ASSIGNMENT: Beginning with the line that contains "Michael Schumacher (Mercedes)", repeat each line exactly through the end of the listing below. Pictures stay out.
━━━━━━━━━━━━━━━━━━━━━━━━━━━━━━
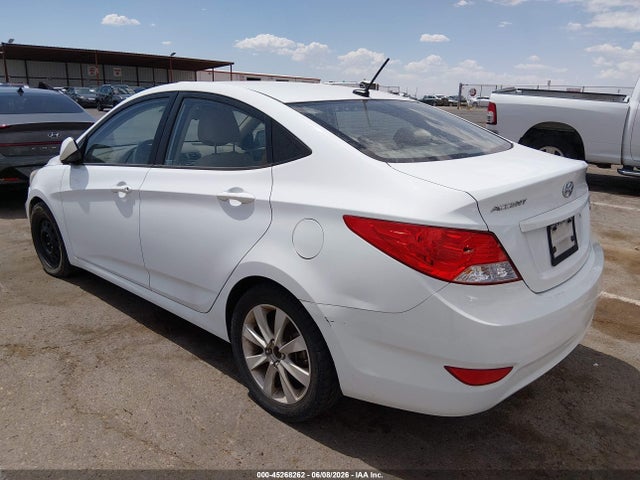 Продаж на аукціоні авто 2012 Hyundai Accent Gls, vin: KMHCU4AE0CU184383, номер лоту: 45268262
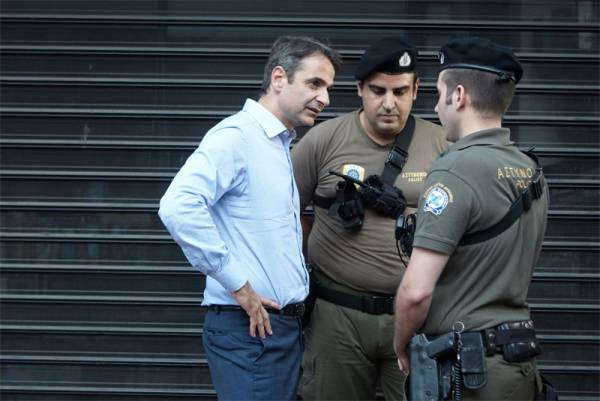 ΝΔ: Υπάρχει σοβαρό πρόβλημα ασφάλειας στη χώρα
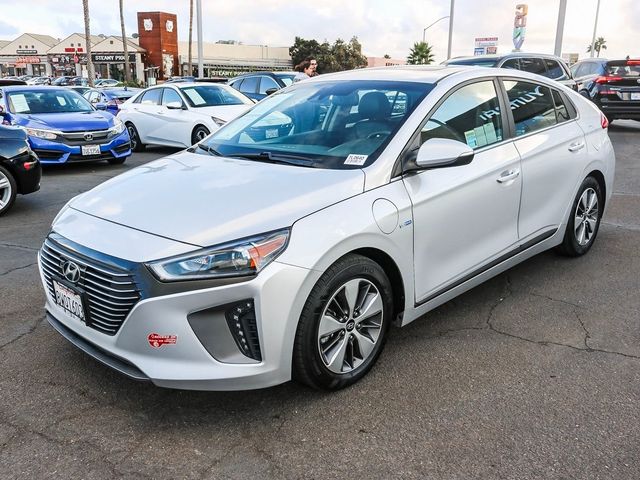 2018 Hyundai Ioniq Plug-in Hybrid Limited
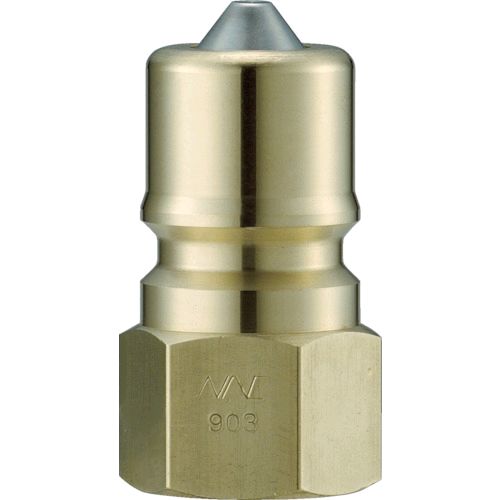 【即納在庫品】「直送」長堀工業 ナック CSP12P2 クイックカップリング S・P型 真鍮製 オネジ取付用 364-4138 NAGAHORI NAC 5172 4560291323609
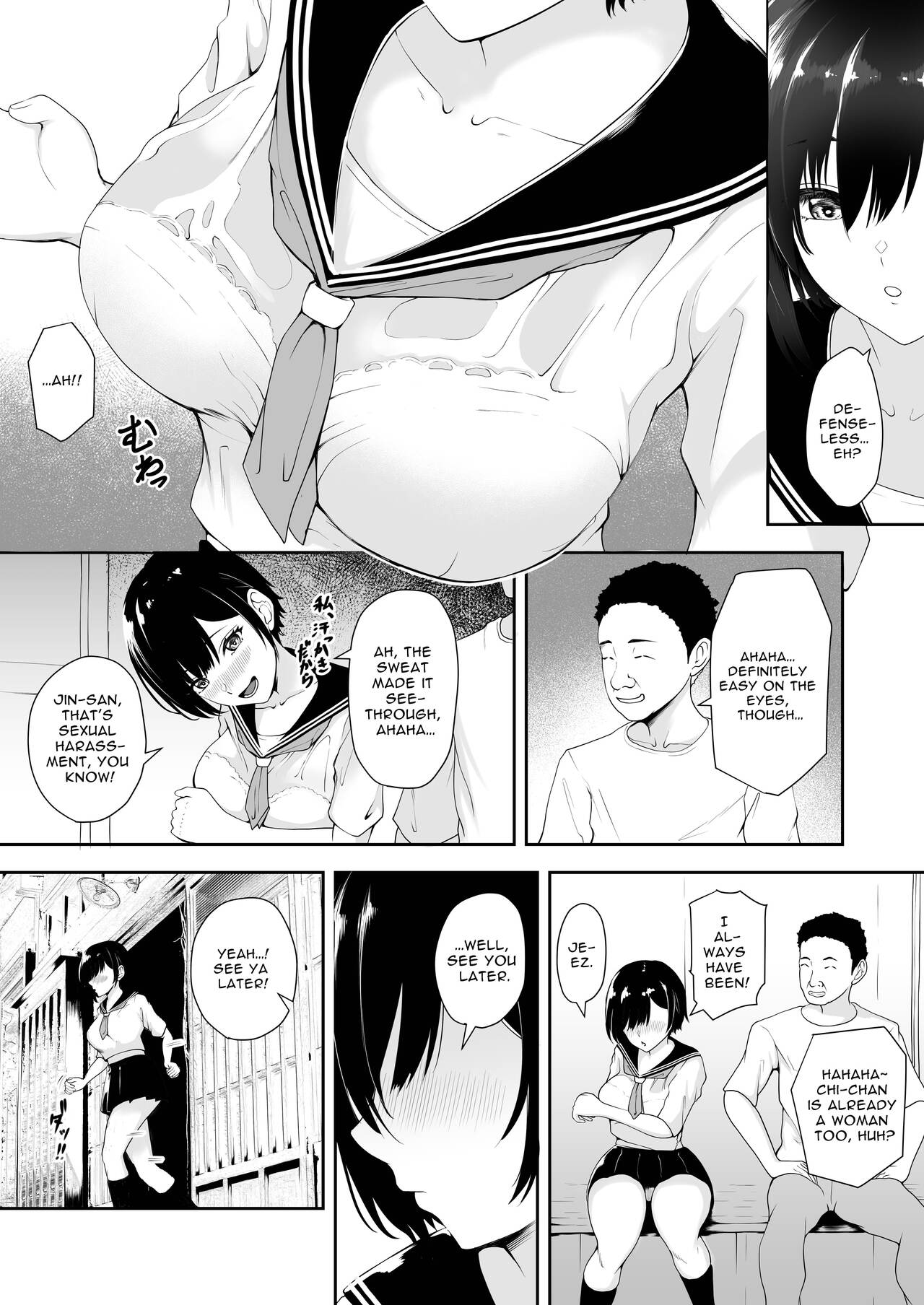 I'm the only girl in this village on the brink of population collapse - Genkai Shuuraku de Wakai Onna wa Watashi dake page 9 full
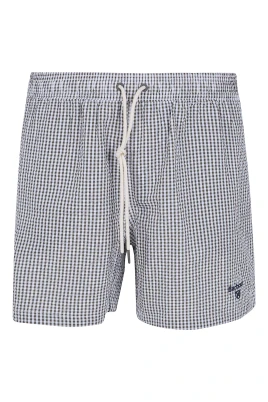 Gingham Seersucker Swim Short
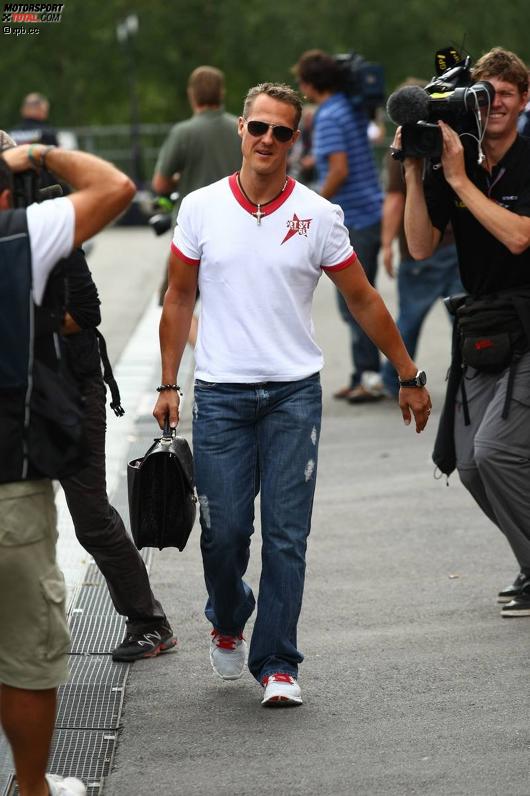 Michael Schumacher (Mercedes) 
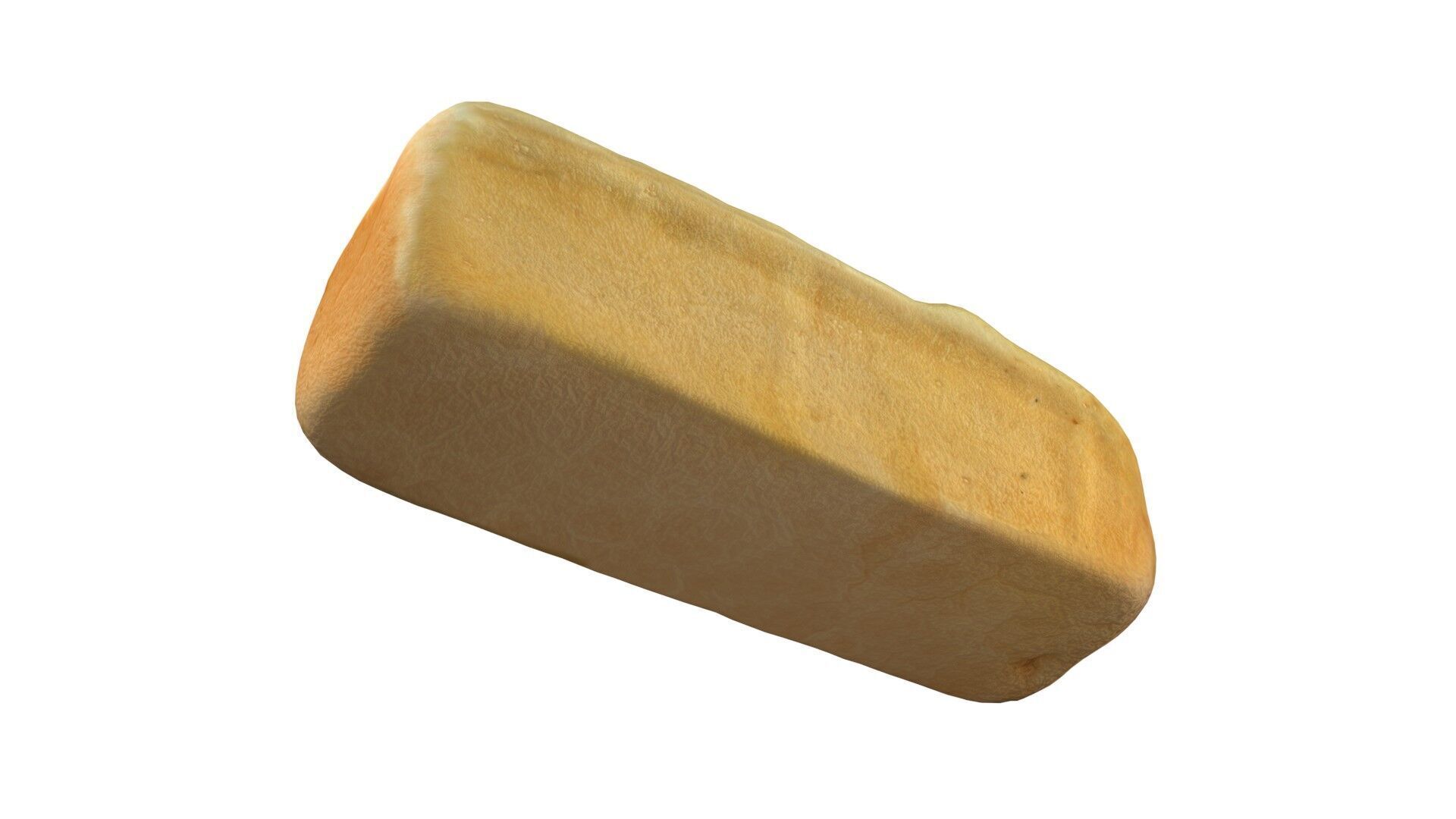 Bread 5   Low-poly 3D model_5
━━━━━━━━━━━━━━━━━━━━━━━━━━━━━━
RESULT OF THE TASK:
 Michael Schumacher (Mercedes) 
 Bread 5   Low-poly 3D model_5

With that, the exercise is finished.